Aim of the exercise
For the entries below, print exactly the lines between the line holding "IBKUL Popcorn Stitch" and the line holding "Atri - Long Silk Scarf - Sand - Solstik", inclusive, and nothing else.

Provided material

- Opening Delimiter -

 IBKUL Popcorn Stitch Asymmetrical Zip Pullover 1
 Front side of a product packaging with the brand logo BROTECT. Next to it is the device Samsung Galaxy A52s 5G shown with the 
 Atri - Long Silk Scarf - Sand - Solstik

- Closing Delimiter -
- Opening Delimiter -

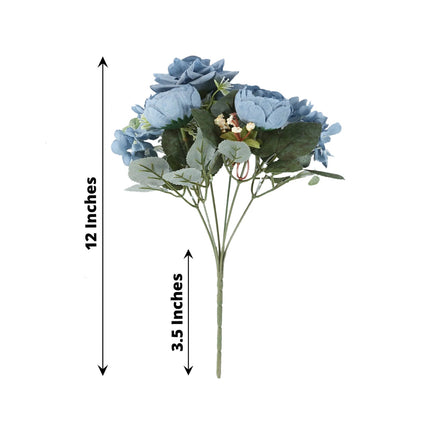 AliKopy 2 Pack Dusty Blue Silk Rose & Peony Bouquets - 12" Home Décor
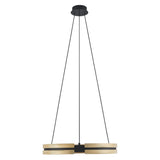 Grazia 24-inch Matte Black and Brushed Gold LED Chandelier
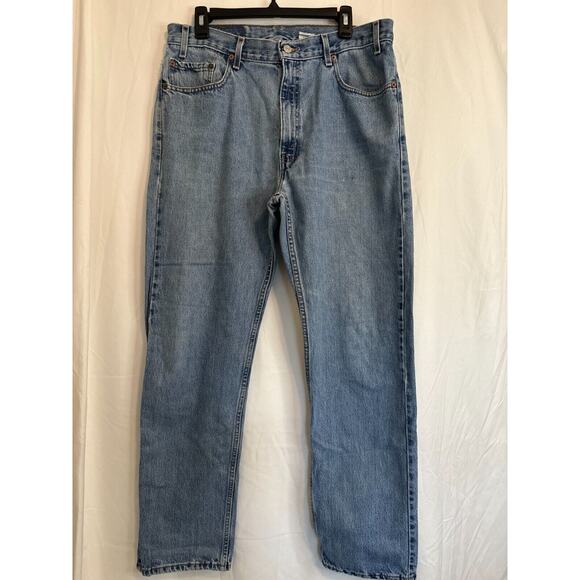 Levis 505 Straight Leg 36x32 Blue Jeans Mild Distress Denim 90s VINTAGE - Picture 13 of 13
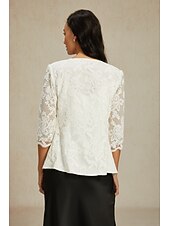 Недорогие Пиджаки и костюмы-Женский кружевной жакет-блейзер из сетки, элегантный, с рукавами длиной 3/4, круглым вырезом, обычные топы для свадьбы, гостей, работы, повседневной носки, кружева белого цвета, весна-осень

- Closing Delimiter -

Exercise output
 IBKUL Popcorn Stitch Asymmetrical Zip Pullover 1
 Front side of a product packaging with the brand logo BROTECT. Next to it is the device Samsung Galaxy A52s 5G shown with the 
 Atri - Long Silk Scarf - Sand - Solstik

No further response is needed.